As always, xkcd is spot on



There is also the alt-text:
In the 60s, Marvin Minsky assigned a couple of undergrads to spend the summer programming a computer to use a camera to identify objects in a scene. He figured they'd have the problem solved by the end of the summer. Half a century later, we're still working on it.
 

shrekfan246

Not actually a Japanese pop star
May 26, 2011
6,374
0
0
DoPo said:
Well, I mostly meant that I'm skeptical of a computer's capability to pull absolute truth from something like the internet when all of the "facts" it's going to be pulling are influenced by human nature and bias in the first place.

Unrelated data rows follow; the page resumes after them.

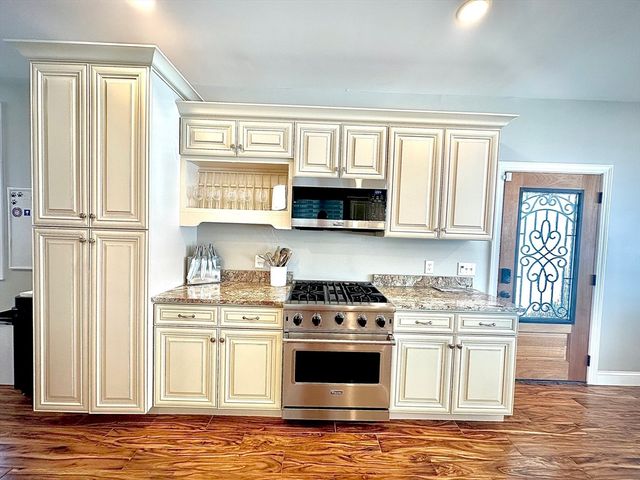 85 Verde Dr, Greenfield, MA 01301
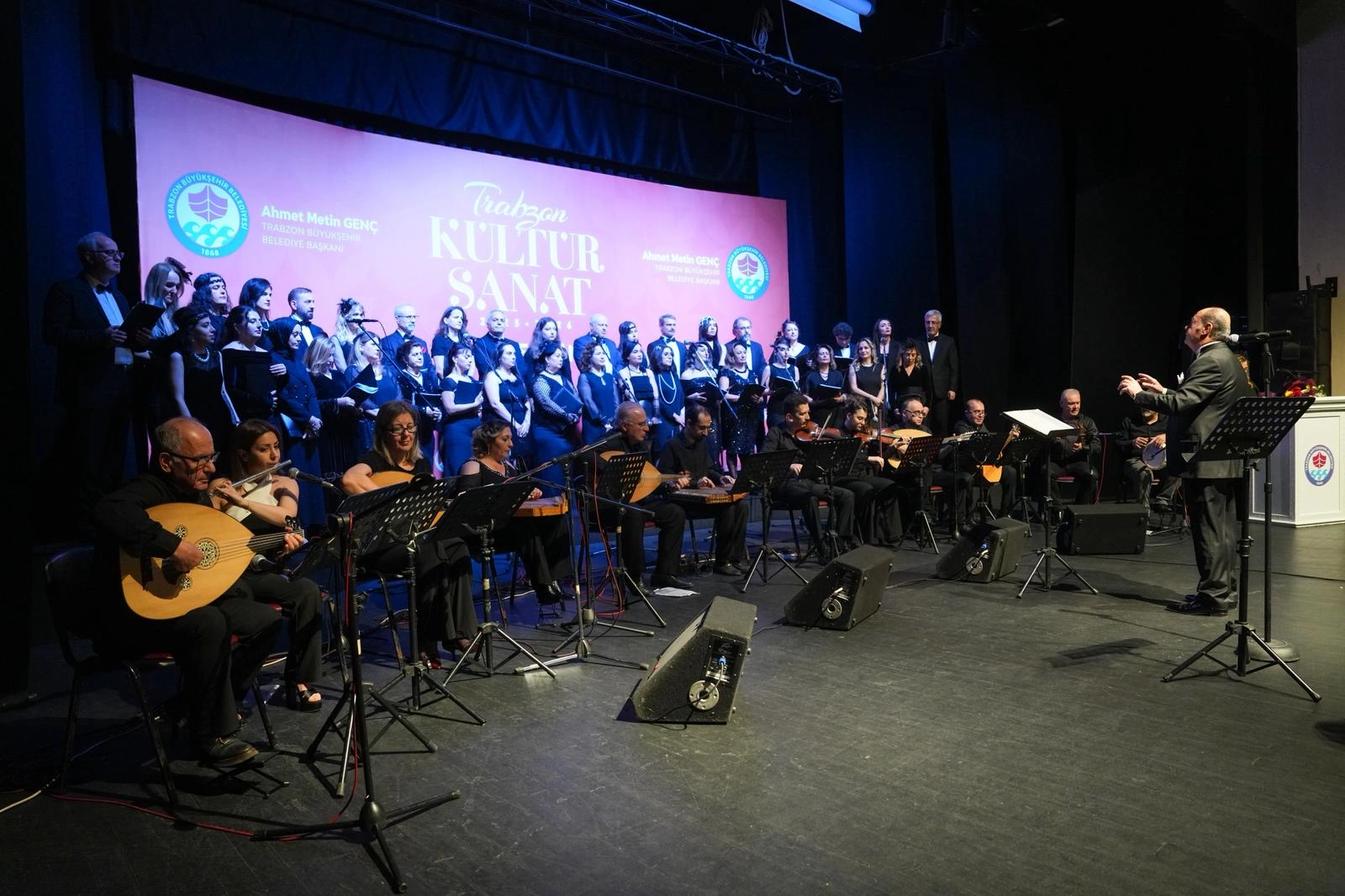 Trabzon&rsquo;da k&uuml;lt&uuml;r sanat r&uuml;zgarı esiyor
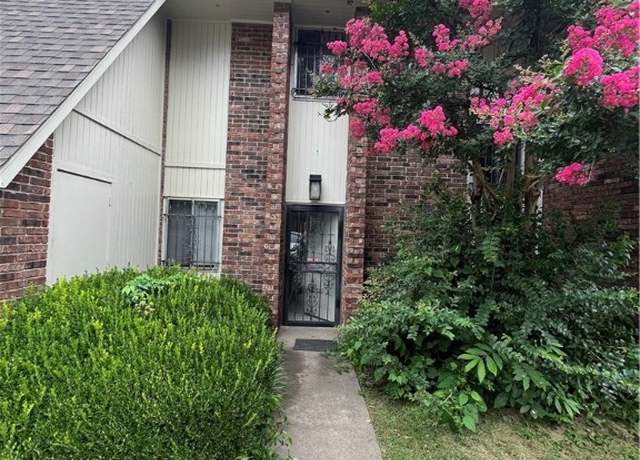 Property at 1500 S Albert Pike Ave #9, Fort Smith, AR 72903, 2 beds, 1.5 baths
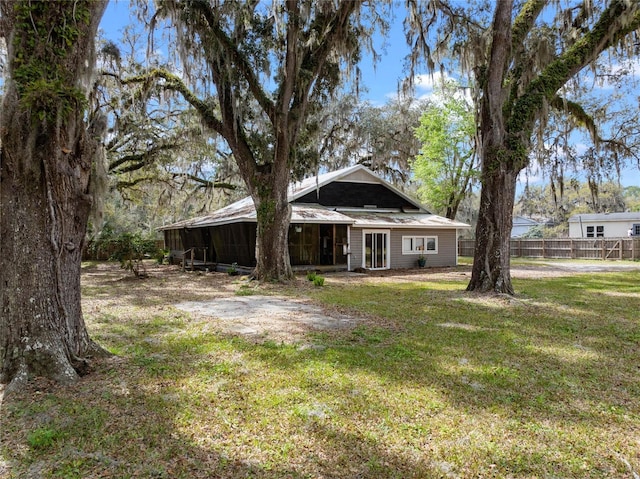 view of front of home featuring a front lawn and fence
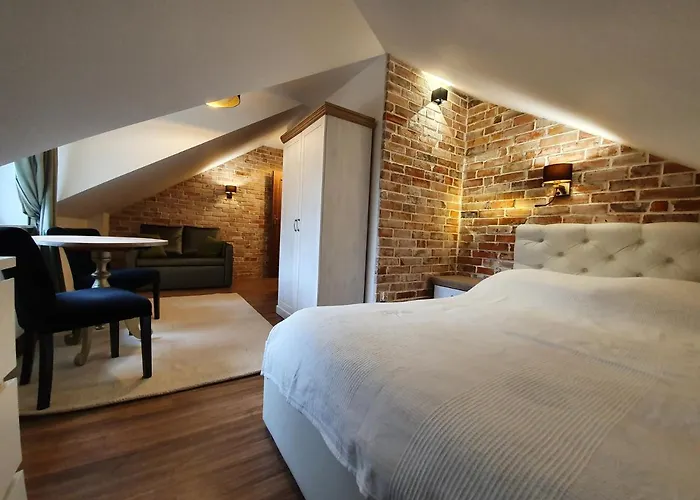 Vinci Rozewie Ястшембя-Гура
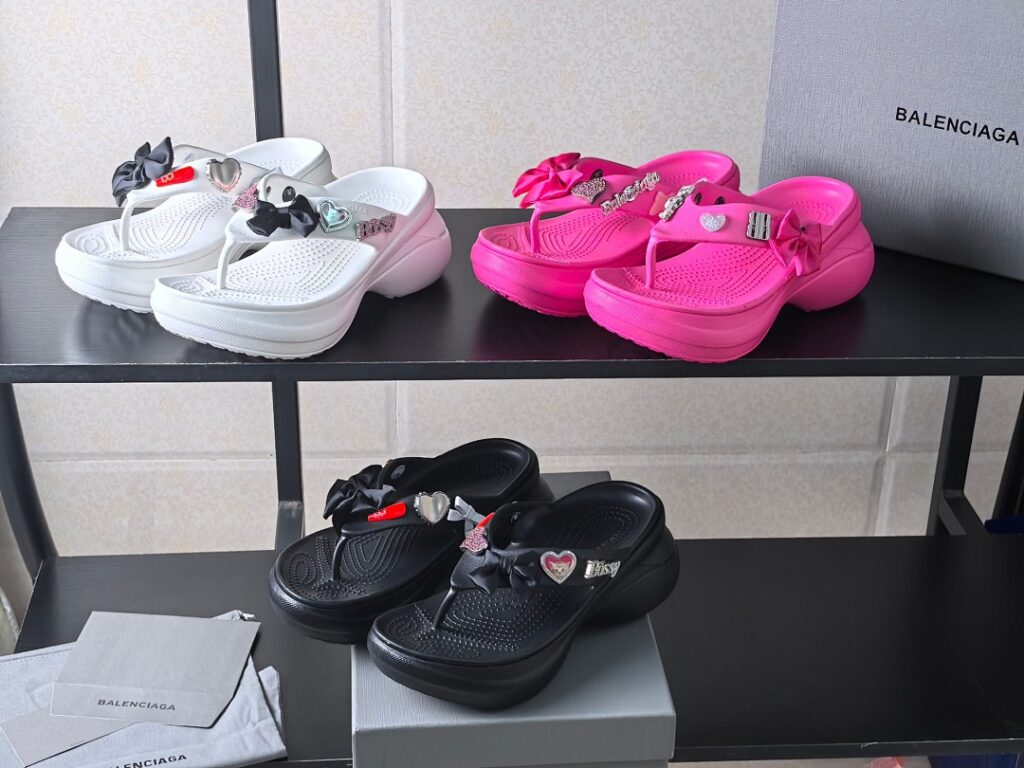 Balenciaga Shoe Style 2201175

But hey, I'm not a programmer, so I don't know how hard it would be or how accurate they'll be able to make it.
 

DoPo

"You're not cleared for that."
Jan 30, 2012
8,665
0
0
shrekfan246 said:
DoPo said:
Well, I mostly meant that I'm skeptical of a computer's capability to pull absolute truth from something like the internet when all of the "facts" it's going to be pulling are influenced by human nature and bias in the first place.
That's why usually domain experts assist in expert systems. And "domain expert" is just a fancy word for "somebody who knows what they are talking about" - doctors would help out with a diagnosing system, mechanics would help out with a system that checks cars, etc. Similarly, I assume this is what Google would do.

Google could, I assume, run a task that would crawl the web and try to find out possible answers for topics and try to classify them according to likelyhood. It's not even that hard...well, more or less - it would involve something like finding resources for a topic and then analysing them (when you have enough) and synthesizing the resources into general facts. Well, if you're able to parse out meaning from the text, that is, you'd be able to read two articles on "boiling water" and find that they both mention "100 degrees Celsius". Or you could find that one say that, and the other says "212 degrees Fahrenheit" but as soon as you have that, you can convert them to a common base and know what is the boiling point. You can then ask a physicist over to look at that result and say if it's correct or not and make amendments if needed.

Later on, if a Google crawler comes across something new and identifies it's about "boiling water" but mentions "55 degrees", it should be able to tell that's not a correct number.

Still, I am pretty sure a lot of scientific facts (like boiling water) would actually be readily available, so they don't need to derive them.